17th March 2005: Liberty (I’m for it)

Liberty is one of those things like happiness which comes along as a side-effect rather than as a goal. Liberty is a side-effect of people having lots of choices. You can see this in US history when there was a frontier and always the idea of moving on if this place didn’t work out. You can see it in the way, when there were more jobs than computer-people, technical staff began to be excused the requirement to wear corporate drag. You can see the reverse in things like company towns and police states.

Choices can be frightening, like standing in a cold wind not knowing what direction to turn. But without choices, everything closes in to fear, to doing things because you’re afraid — whether of torture, or just of losing your job and your health benefits. Sometimes those things are terrible things.

Then dd_b said:

You may well be right that liberty is a side-effect; I certainly see many ways in which that makes a lot of sense. However, lots of the important things widely held as milestones of liberty, from the Magna Carta to the Bill of Rights, were conscious actions intended to promote liberty. This makes the “side-effect” theory something of a hard sell.

And I replied:

People do lots of things “to be happy” as well, and “to make friends”, and some of them have even worked, yet it seems to me that happiness and friendship and liberty are all most likely to appear as side effects.

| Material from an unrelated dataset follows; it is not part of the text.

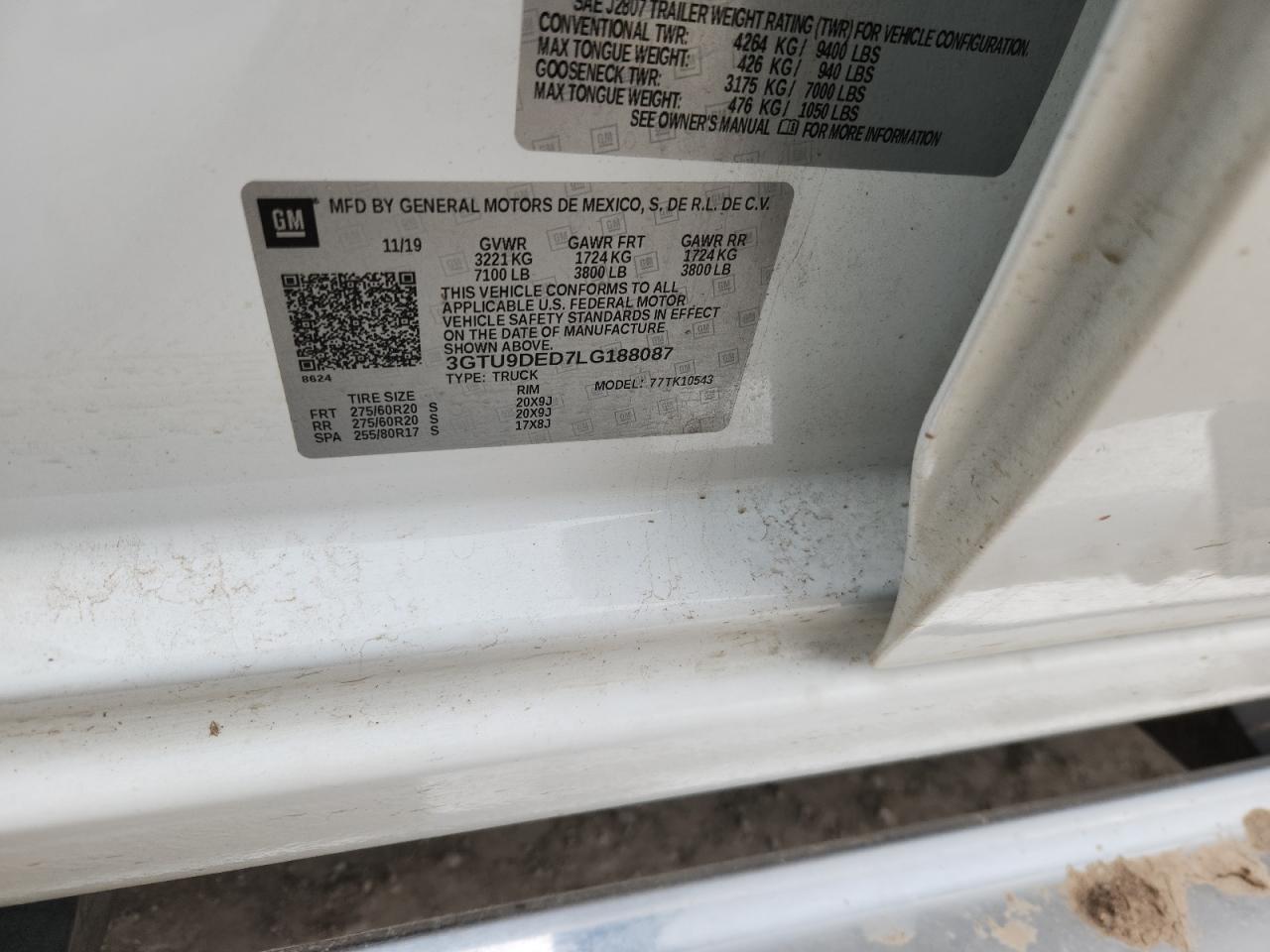 2020 GMC Sierra K1500 Slt VIN: 3GTU9DED7LG188087 Lot: 82247355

The Bill of Rights certainly came along after those were things people expected, if you see what I mean. The whole US Revolution happened because people had become free (by accident) and were used to thinking of themselves that way and were not going to put up with anything that infringed that. You can see this really clearly in Franklin’s visit to Ireland. He was asked why the American colonies didn’t produce cotton shirts for the British market the way the Irish produced linen ones, and he said that the Americans liked to wear shirts themselves. Now there wasn’t at that time on paper enough legal difference to matter between the American colonies and Ireland, in fact if anything Ireland was technically more free, in the way of paper rights, but Franklin’s answer is that of a man who is free in a way the Irish, slaving without shirts to make linen shirts for export to pay their rents, couldn’t imagine.

Magna Carta again came along to force the paper recognition of rights that had already come to exist.

Both of these have since been claimed by everyone and their dog as enshrining rights — but it’s quite clear from the amendments to your constitution that there were a number of freedoms we percieve that people at that time didn’t — equality of women, freedom from being enslaved, and so on. They didn’t set down new rights, they set down the rights they already thought themselves entitled to, and resented being infringed. (One can positively see the resentment of the disgruntled people behind the third amendment.)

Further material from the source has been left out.